Here a common example: Given the following tables: CREATE TABLE person ( id INT ...

brabel · on April 14, 2023

I run into the equivalent problem in Kotlin sometimes. I want to group things by a key, but that results in type `Map<K, List<V>>` because the compiler can't be sure that there won't be more than one `V` for the field being used for grouping... which is why there's also `associateBy` which does return `Map<K, V>`, but will throw if there happens to be more than one value for each K.

Not relevant, but I thought it may help other readers understand the problem.

mtts · on April 14, 2023

The common solution in this case is simply to also GROUP BY owner.name.

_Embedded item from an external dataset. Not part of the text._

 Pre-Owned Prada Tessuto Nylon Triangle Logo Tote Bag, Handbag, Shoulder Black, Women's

That said, if owner.name has different values and you didn’t actually care which one you’d get ANY_VALUE could maybe be useful.

Though in that case you could also just use MIN or MAX, which already exist.

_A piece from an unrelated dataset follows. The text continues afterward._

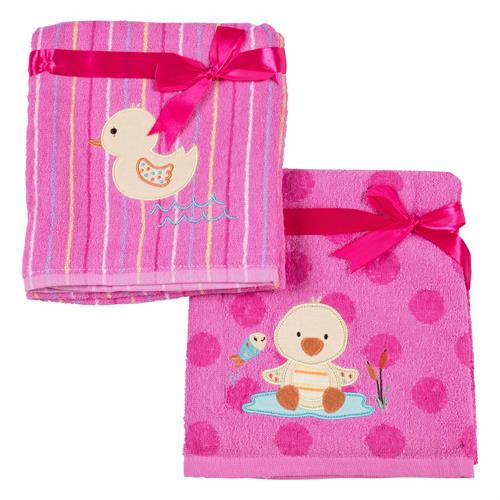 זוג מגבות פליטה לתינוק - ורוד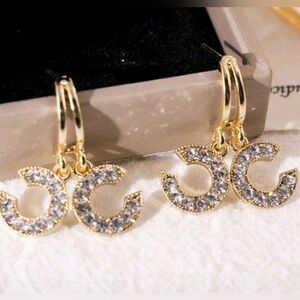 Chanel Style Rose Gold Logo Earrings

orthoxerox · on April 15, 2023

Yes, but all these solutions require the optimizer to be smart enough to be smart enough to optimize them away: "oh, owner.id is the primary key, so any value from owner will appear at most once, I don't have to group by them or track the maximum value, I can pick and store any value".

I think all optimizers are smart enough already, as this is a super common pattern. I honestly would have preferred this logic to be made more explicit: if you group by the primary key (or by the table name, as someone suggested), you can use all columns from the table without aggregate functions.

This kinda breaks down when you introduce subqueries and CTEs, which is where myopic optimizers can screw the pooch as well, so any_value can be of use there.